*Exercise requirements:*
As you restate the entries, keep every word intact and leave out whatever images they hold.

*** Working data ***

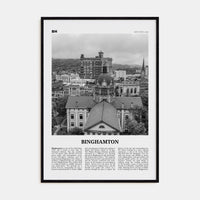 Binghamton Poster Black Wood / 8x12 in Nbourhood Travel B&W Poster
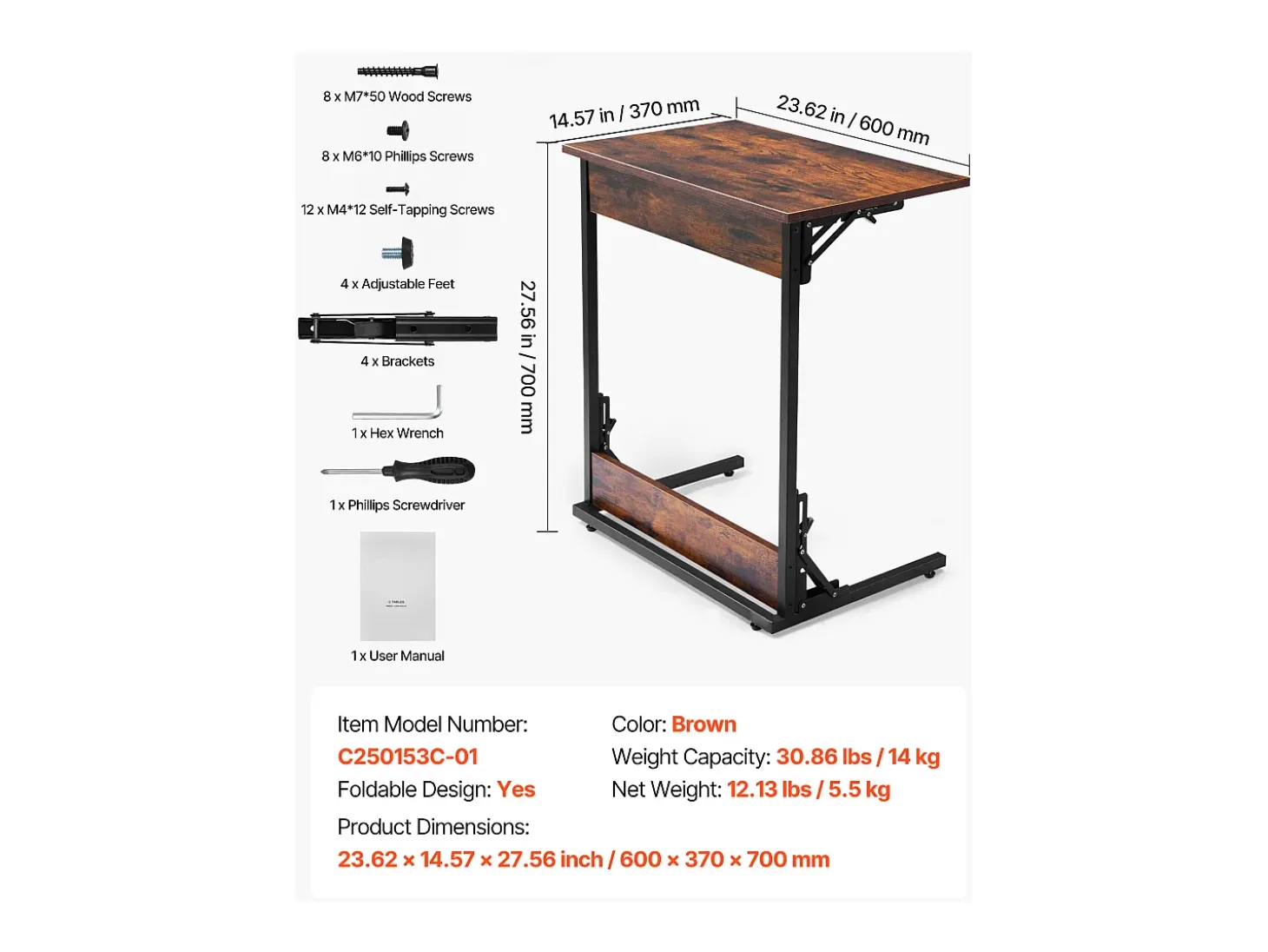 Mesa Auxiliar SucceBuy Plegable en Forma de C, Mesas de Extremo de Sofá con Marco de Metal y Patas Ajustables, Plataforma de TV Plegable, Mesa de Centro en C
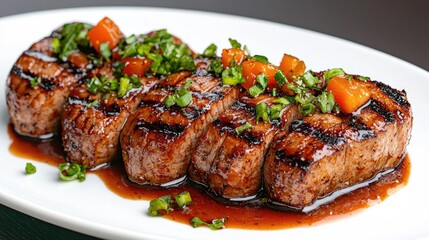 Grilled steak slices with sauce and garnish on a white plate
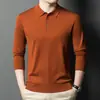 Suéter de Lã High-End Tendência para Homens com Seda de Amora, Suéter Básico de Malha Casual Solto com Gola Lapela para Homens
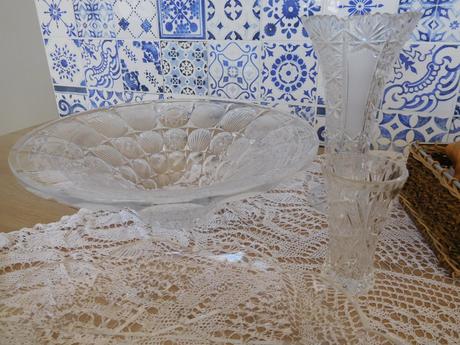 Brúsené sklo, misa váza vázička,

***

*Response below:*
 Binghamton Poster Black Wood / 8x12 in Nbourhood Travel B&W Poster
 Mesa Auxiliar SucceBuy Plegable en Forma de C, Mesas de Extremo de Sofá con Marco de Metal y Patas Ajustables, Plataforma de TV Plegable, Mesa de Centro en C
 Grilled steak slices with sauce and garnish on a white plate
 Suéter de Lã High-End Tendência para Homens com Seda de Amora, Suéter Básico de Malha Casual Solto com Gola Lapela para Homens
 Brúsené sklo, misa váza vázička,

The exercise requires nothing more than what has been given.